• _Exercise data_
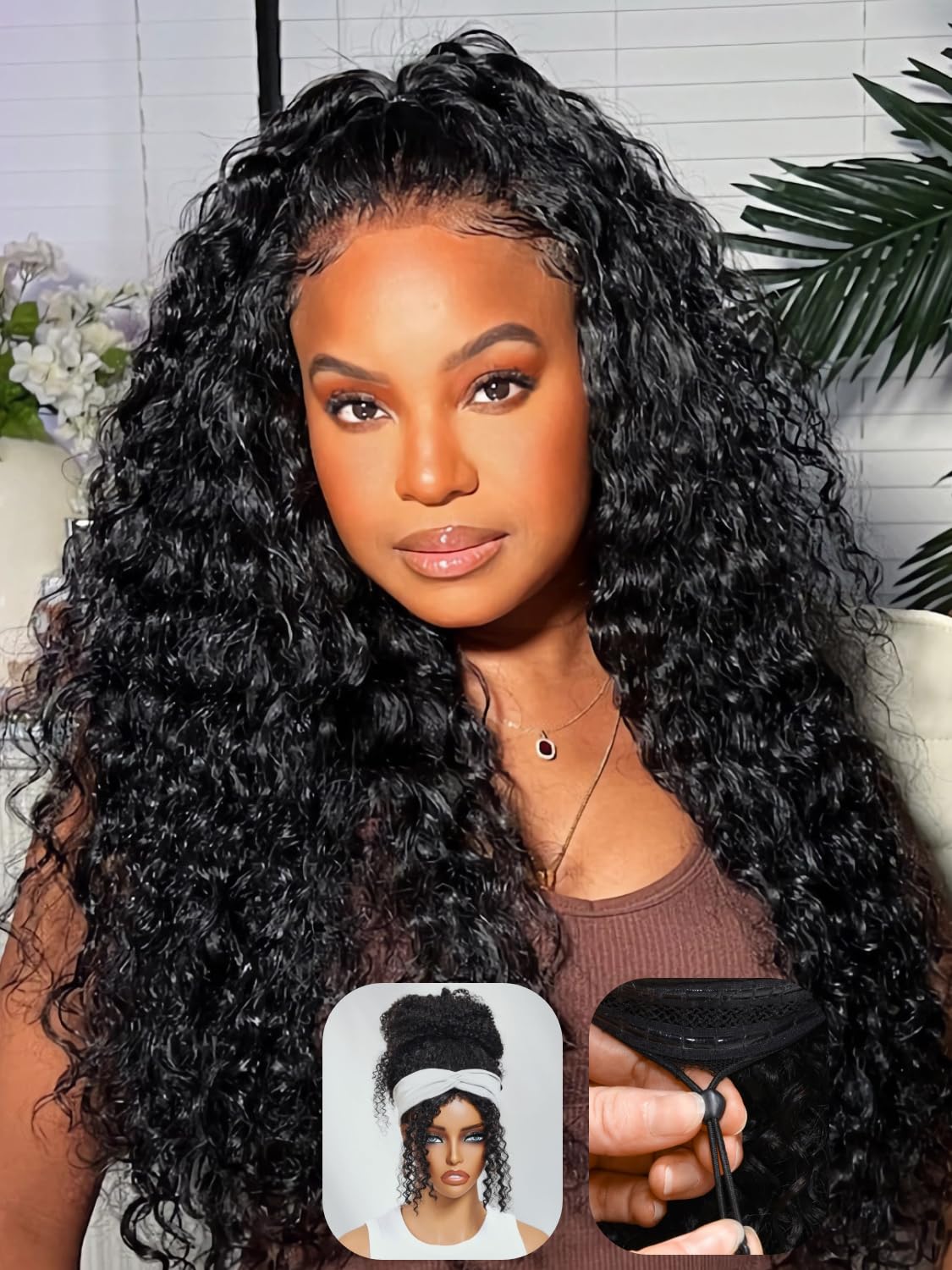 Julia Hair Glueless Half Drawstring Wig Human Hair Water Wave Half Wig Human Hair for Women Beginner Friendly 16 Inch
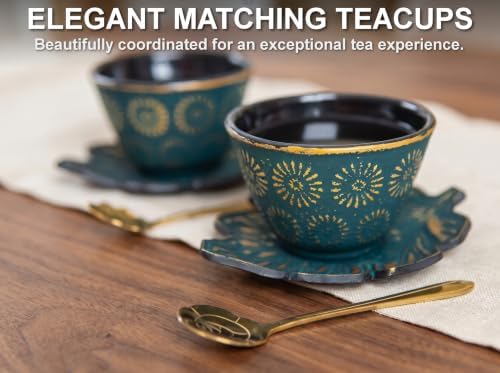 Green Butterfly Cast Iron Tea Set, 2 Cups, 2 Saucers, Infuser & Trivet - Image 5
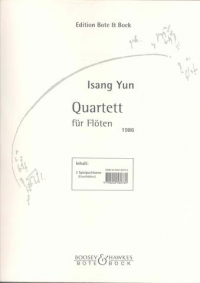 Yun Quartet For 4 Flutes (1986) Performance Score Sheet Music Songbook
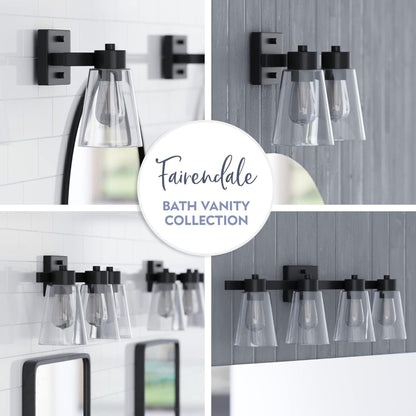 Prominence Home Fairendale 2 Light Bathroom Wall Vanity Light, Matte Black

• _Problem to work on_
Each line from the one containing "Yun Quartet For" through the end of the listing is to be set down exactly, with all pictures left out.

• _Exercise output_
 Yun Quartet For 4 Flutes (1986) Performance Score Sheet Music Songbook
 Prominence Home Fairendale 2 Light Bathroom Wall Vanity Light, Matte Black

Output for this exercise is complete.